Dispondrá de tres jaulas para engordar esta especie y producir 72 toneladas netas de pescado al año. Es la misma firma que quiere criar almejas

MARCO MENÉNDEZ GIJÓN.

Las dársenas del puerto de El Musel de Gijón pueden dar cobijo a proyectos de acuicultura. La última solicitud presentada para obtener la correspondiente autorización administrativa tiene como objetivo un cultivo marino de engorde de reo. La iniciativa parte de la empresa Semillas del Cantábrico, S. L., la misma que hace unos meses ya presentó un proyecto para la cría de almejas, también en El Musel.

En esta ocasión, la firma ha presentado el estudio preliminar de impacto ambiental para una ocupación aproximada de 2.200 metros cuadrados entre el dique y el contra dique Príncipe de Asturias, es decir, fuera de la zona de influencia de la terminal granelera de EBHISA y abierta al mar.
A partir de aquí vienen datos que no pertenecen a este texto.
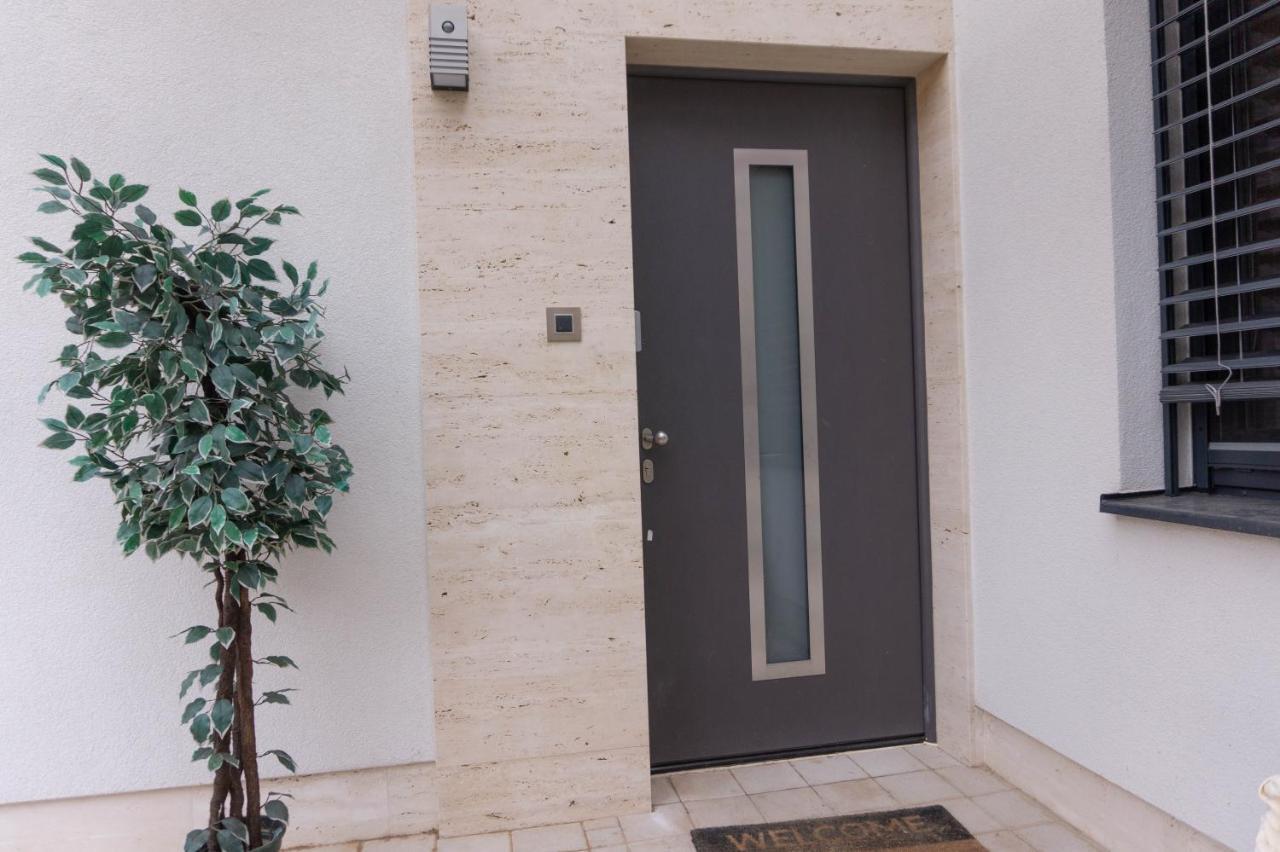 Apartment Maksimir Yard Zagreb Exterior foto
La acuicultura marina es una actividad no que ha tenido una gran expansión en Asturias, debido a que precisa de espacios protegidos como las rías, pero en este caso los diques del puerto pueden cumplir esa misma función.

Durante 30 días estará expuesto el correspondiente expediente en las instalaciones de la Dirección General de Pesca Marítima, sitas en la avenida del Prínicipe de Asturias. Durante ese mismo plazo se podrán presentar las alegaciones que se consideren oportunas.

Semillas del Cantábrico, S. L., es una empresa gijonesa que se dio a conocer por su proyecto para instalar una plataforma de engorde de almejas con el objetivo de generar crías de almeja japonesa y babosa. Los ejemplares criados se venderían a las cofradías de mariscadores, cultivos de perticulares y para repoblación de la especie. Uno de sus principales mercados sería el gallego.

El nuevo proyecto consiste en la instalación de jaulas de engorde de reo en una lámina de agua de 2.200 metros cuadrados. Son tres jaulas marinas flotantes de 16 metros de diámetro que irán fijadas al fondo.

En principio, se prevé introducir 6.000 reos (también conocidos como trucha arco iris) adultos, de un kilo de peso, en cada jaula. La operación se repite a los tres meses. Ahí permanecerán durante seis meses para el engorde. Al final, se prevé que de cada jaula se obtengan 24.000 kilos de producto, con lo que la producción anual alcanzará las 72 toneladas, según el proyecto presentado por la empresa.

Ante los posibles impactos que se incluyen en el proyecto están los relativos al escape de ejemplares y a la precipitación de materia orgánica, fundamentalmente procedente de la alimentación de los peces, a las aguas del puerto. Están previstas medidas de miticación de esos impactos, que pasan por el desarrollo de protocolos de comunicación inmediata de escapes a lasautoridades competentes, con la puesta en marcha de protocolos de recaptura basados en la dieta, así como la adecuación precisa del volumen de la ración en función del crecimiento del animal.

Pero no todo el mundo ve con buenos ojos la instalación de un cultivo de engorde de reos en el puerto gijonés. La Coordinadora Ecoloxista d'Asturies calificó el proyecto de «disparate». Y lo hace por dos motivos: considera que las aguas de El Musel son «de muy mala calidad» y que se trata de una especie invasora y que algunos ejemplares podrían escapar causando daños ecológicos.